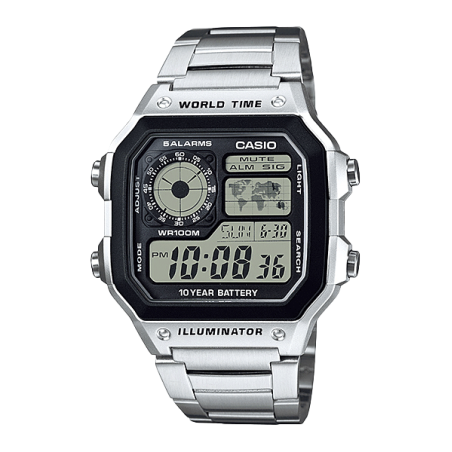 Casio - Montre Casio Sport Technologie Homme Gris - Ref AE-1200WHD-1AVEF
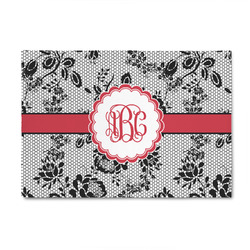 Black Lace 4' x 6' Patio Rug (Personalized)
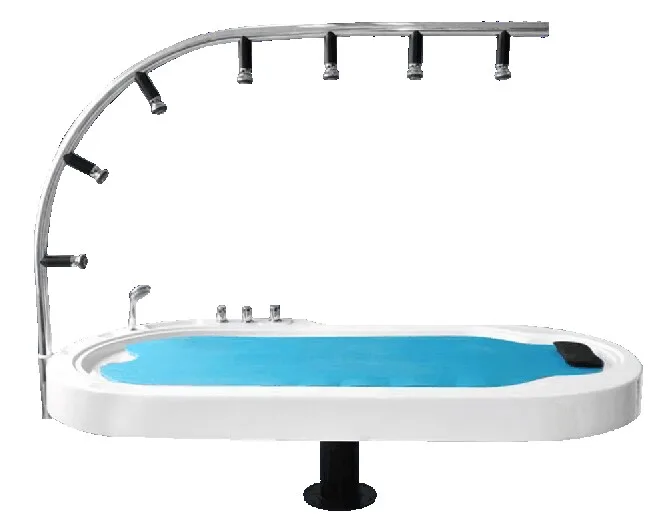 Vichy Massage Bed Hydro Jet Shower For Ice Fiberglass Bathtub SPA Water Shower With Fiberglass Pool Accessories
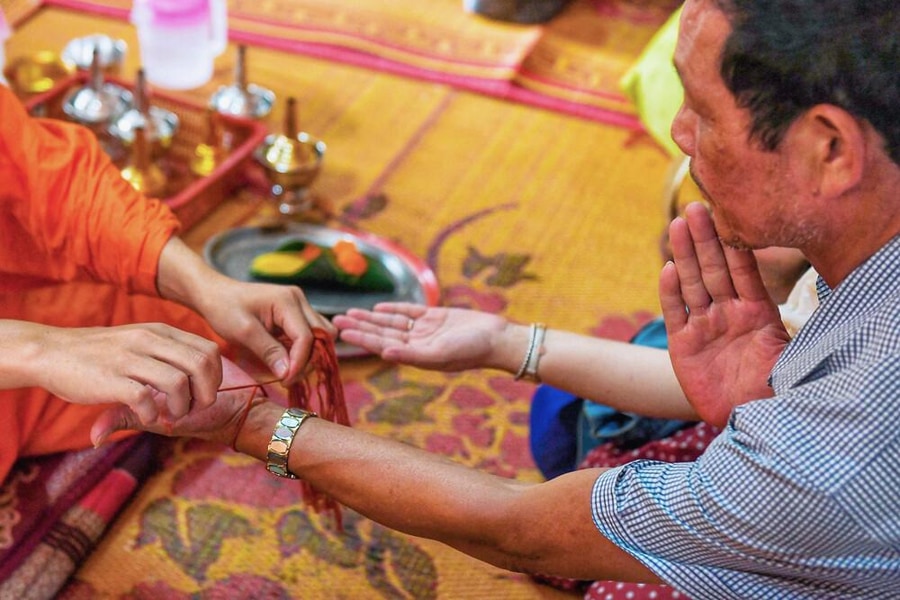 Participate In A Traditional Blessing Ritual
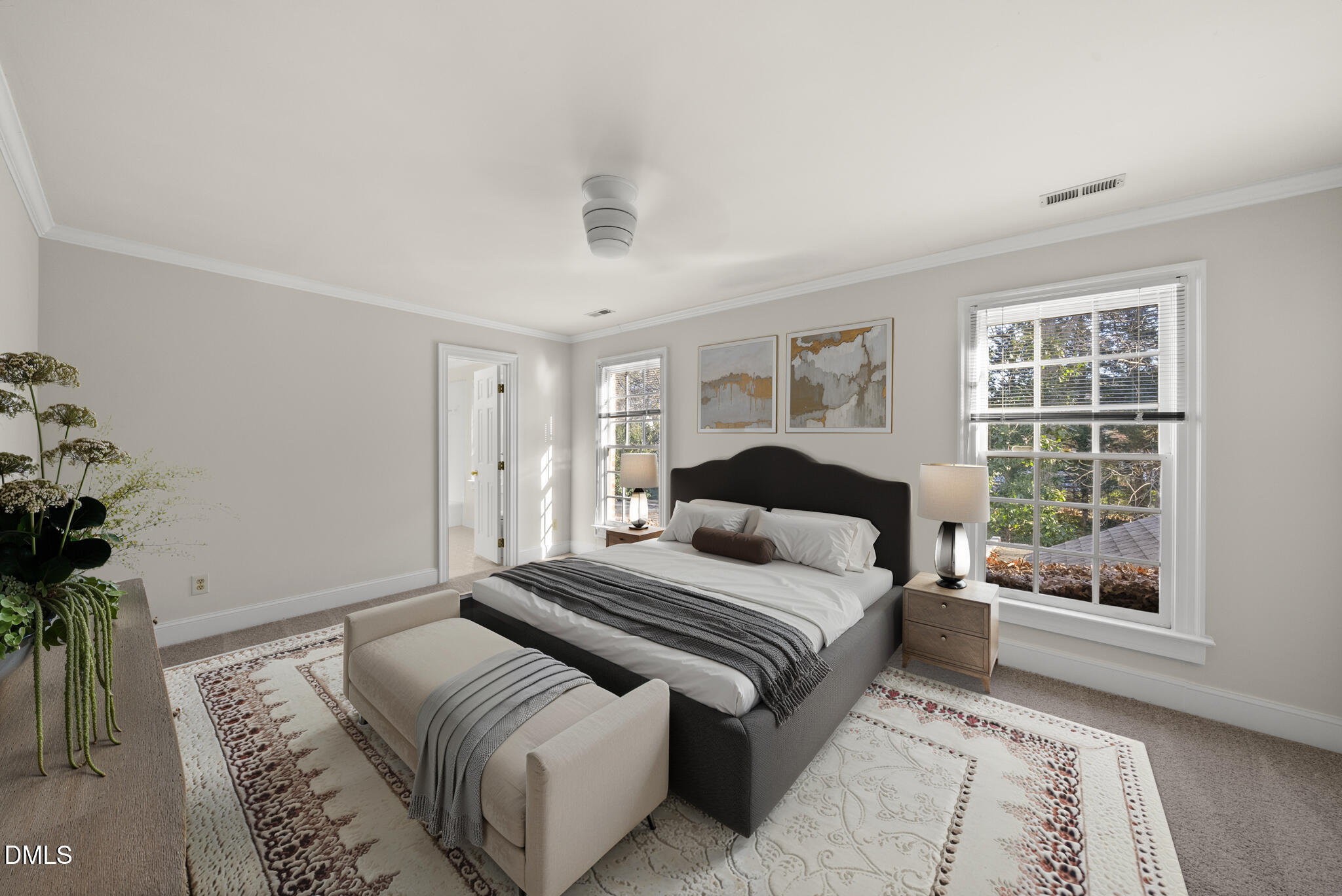 3812 City Of Oaks Wynd Raleigh, NC 27612 - Photo 20 of 79 a bedroom with a large bed and a window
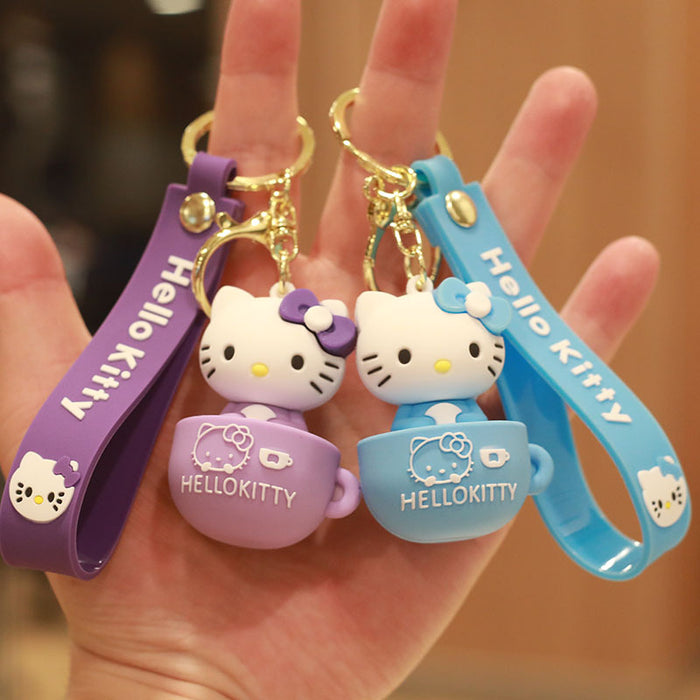 Wholesale Cartoon Doll Silicone Keychain JDC-KC-NiuTe004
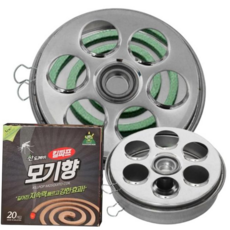 2개 모기향연소통 산도깨비 모기향20개+연소통 연소기 모기향거치대 59000EA 1EA, 본상품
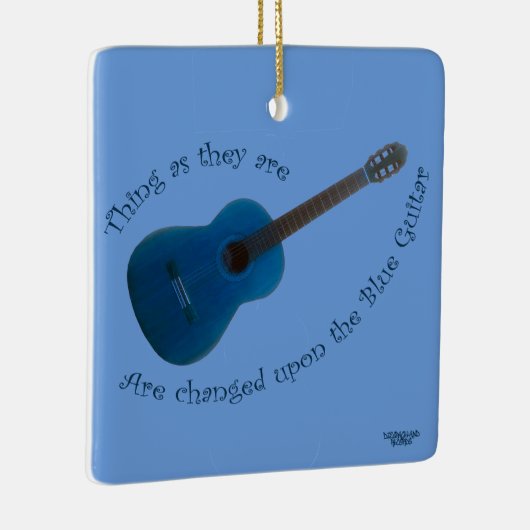 Blue Guitar Keramikornament (Rechts)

• **Exercise details**: Every line from the one with "Wholesale Cartoon Doll" through the last line of the data must be copied exactly. Leave the pictures out.

• **The answer**:
 Wholesale Cartoon Doll Silicone Keychain JDC-KC-NiuTe004
 2개 모기향연소통 산도깨비 모기향20개+연소통 연소기 모기향거치대 59000EA 1EA, 본상품
 Blue Guitar Keramikornament (Rechts)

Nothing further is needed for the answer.